» **Extracted records**

'''

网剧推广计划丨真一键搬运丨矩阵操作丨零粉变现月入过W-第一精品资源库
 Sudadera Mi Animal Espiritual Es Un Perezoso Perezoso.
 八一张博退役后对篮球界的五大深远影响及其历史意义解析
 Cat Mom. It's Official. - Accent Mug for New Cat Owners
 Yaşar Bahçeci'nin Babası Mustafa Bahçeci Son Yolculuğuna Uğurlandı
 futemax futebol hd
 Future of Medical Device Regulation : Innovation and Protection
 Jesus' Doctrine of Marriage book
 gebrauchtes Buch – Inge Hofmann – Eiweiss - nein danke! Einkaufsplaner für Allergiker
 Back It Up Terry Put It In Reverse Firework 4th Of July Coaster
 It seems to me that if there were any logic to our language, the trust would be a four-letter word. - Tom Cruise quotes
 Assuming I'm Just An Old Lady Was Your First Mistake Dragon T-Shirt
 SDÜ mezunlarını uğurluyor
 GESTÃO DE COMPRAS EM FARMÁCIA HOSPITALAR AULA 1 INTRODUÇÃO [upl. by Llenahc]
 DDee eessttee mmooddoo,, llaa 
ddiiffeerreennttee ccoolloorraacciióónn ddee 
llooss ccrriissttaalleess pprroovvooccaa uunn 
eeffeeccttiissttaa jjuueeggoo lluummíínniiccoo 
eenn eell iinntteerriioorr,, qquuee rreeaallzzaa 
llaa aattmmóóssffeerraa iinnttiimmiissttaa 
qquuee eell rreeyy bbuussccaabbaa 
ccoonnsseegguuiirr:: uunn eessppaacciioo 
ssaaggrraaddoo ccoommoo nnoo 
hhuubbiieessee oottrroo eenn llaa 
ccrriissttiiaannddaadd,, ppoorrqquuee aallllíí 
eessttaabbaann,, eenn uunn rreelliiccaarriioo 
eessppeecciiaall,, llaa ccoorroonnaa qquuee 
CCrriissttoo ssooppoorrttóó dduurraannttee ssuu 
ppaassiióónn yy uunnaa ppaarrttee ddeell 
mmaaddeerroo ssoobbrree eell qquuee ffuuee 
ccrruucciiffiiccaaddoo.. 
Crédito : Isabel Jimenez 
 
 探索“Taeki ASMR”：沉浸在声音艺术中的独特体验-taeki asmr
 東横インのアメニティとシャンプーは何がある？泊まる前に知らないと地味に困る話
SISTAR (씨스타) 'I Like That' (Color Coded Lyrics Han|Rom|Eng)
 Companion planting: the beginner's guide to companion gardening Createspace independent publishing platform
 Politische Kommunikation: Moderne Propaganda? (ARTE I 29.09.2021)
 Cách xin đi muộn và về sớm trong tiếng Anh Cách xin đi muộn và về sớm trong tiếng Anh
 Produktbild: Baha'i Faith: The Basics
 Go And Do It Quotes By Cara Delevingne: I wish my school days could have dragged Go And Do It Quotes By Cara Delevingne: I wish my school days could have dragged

'''

» **Brief**
Would you copy out exactly the lines above that start at the one containing "llooss ccrriissttaalleess pprroovvooccaa" and end at the one containing "ccrriissttiiaannddaadd,, ppoorrqquuee aallllíí", inclusive?

» **Reply to the exercise**
llooss ccrriissttaalleess pprroovvooccaa uunn 
eeffeeccttiissttaa jjuueeggoo lluummíínniiccoo 
eenn eell iinntteerriioorr,, qquuee rreeaallzzaa 
llaa aattmmóóssffeerraa iinnttiimmiissttaa 
qquuee eell rreeyy bbuussccaabbaa 
ccoonnsseegguuiirr:: uunn eessppaacciioo 
ssaaggrraaddoo ccoommoo nnoo 
hhuubbiieessee oottrroo eenn llaa 
ccrriissttiiaannddaadd,, ppoorrqquuee aallllíí 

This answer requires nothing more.